***** Recorded information *****

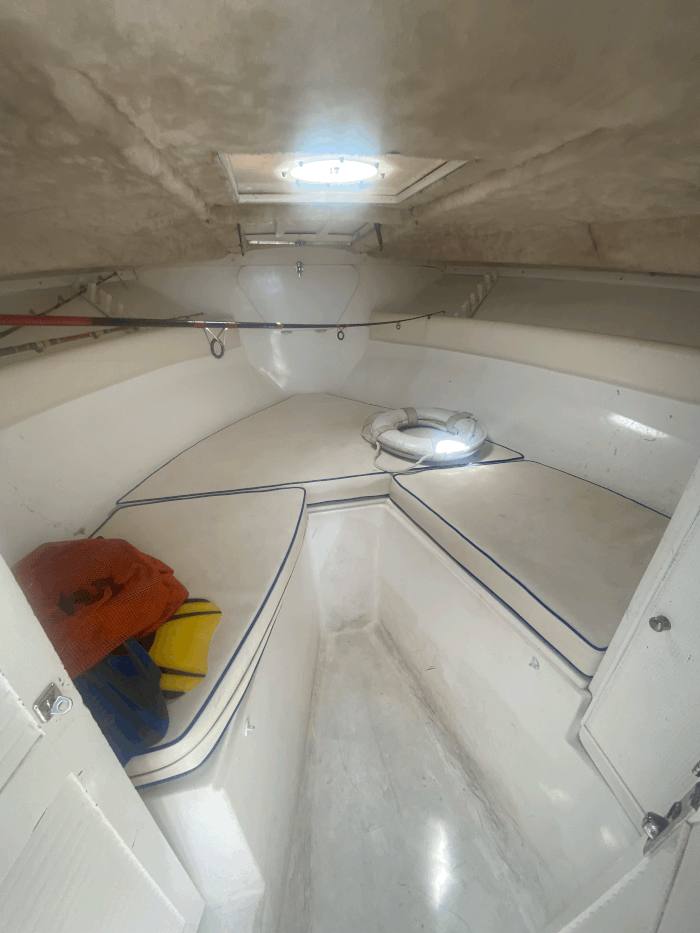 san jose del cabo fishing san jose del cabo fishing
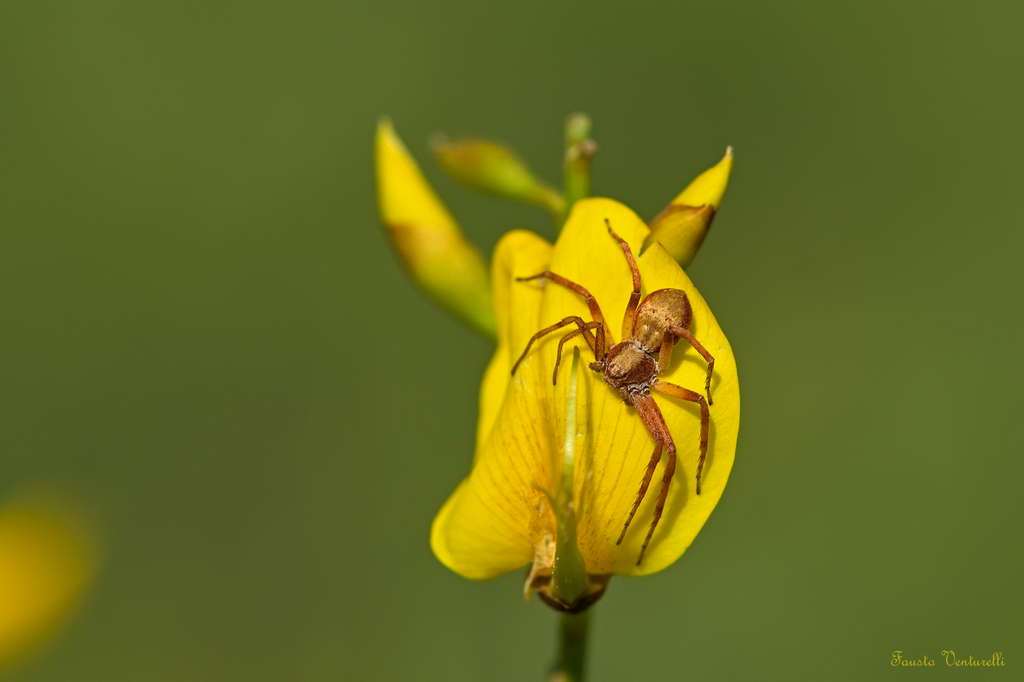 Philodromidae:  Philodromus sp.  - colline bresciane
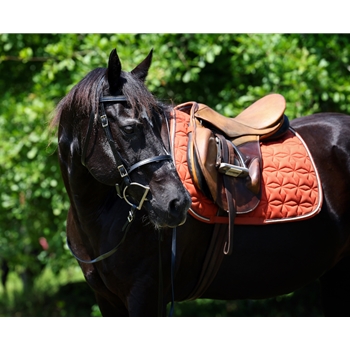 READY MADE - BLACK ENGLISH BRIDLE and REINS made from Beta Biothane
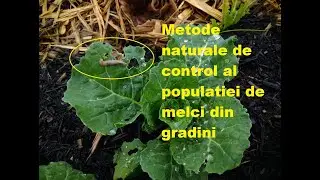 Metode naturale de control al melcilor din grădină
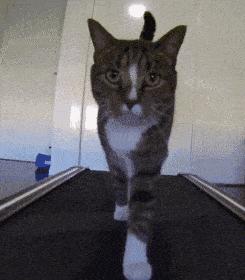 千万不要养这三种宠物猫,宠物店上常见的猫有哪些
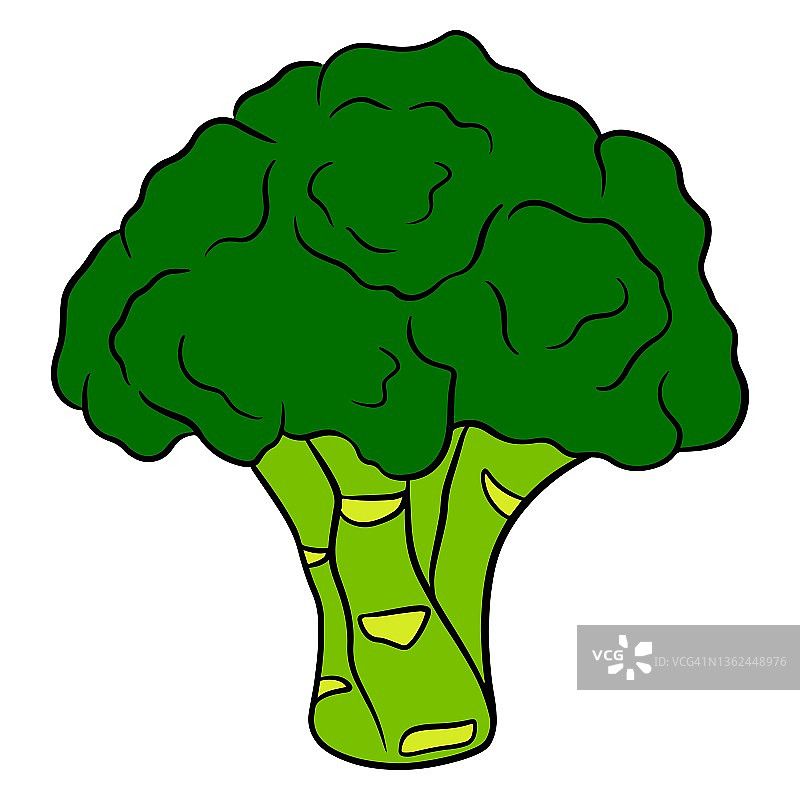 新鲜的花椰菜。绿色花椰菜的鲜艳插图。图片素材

*****
***** Recorded information *****

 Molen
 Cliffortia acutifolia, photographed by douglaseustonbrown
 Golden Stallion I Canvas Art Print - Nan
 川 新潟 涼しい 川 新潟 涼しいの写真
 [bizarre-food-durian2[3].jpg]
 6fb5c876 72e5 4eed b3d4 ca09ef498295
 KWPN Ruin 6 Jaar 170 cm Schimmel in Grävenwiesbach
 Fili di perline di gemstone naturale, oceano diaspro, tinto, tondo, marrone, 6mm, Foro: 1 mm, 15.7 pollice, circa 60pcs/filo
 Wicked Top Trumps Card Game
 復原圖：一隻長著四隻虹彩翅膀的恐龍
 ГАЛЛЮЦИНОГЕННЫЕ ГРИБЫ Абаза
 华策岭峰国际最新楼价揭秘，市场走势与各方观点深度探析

*****
***** Recorded information *****

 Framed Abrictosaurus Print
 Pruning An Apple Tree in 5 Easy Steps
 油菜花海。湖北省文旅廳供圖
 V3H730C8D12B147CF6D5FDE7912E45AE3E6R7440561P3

*****

Your task:
Reproduce exactly the lines above starting at the line containing "san jose del cabo fishing san" and ending at the line containing "新鲜的花椰菜。绿色花椰菜的鲜艳插图。图片素材", including both, but not the pictures.

Your solution:
 san jose del cabo fishing san jose del cabo fishing
 Philodromidae:  Philodromus sp.  - colline bresciane
 READY MADE - BLACK ENGLISH BRIDLE and REINS made from Beta Biothane
 Metode naturale de control al melcilor din grădină
 千万不要养这三种宠物猫,宠物店上常见的猫有哪些
 新鲜的花椰菜。绿色花椰菜的鲜艳插图。图片素材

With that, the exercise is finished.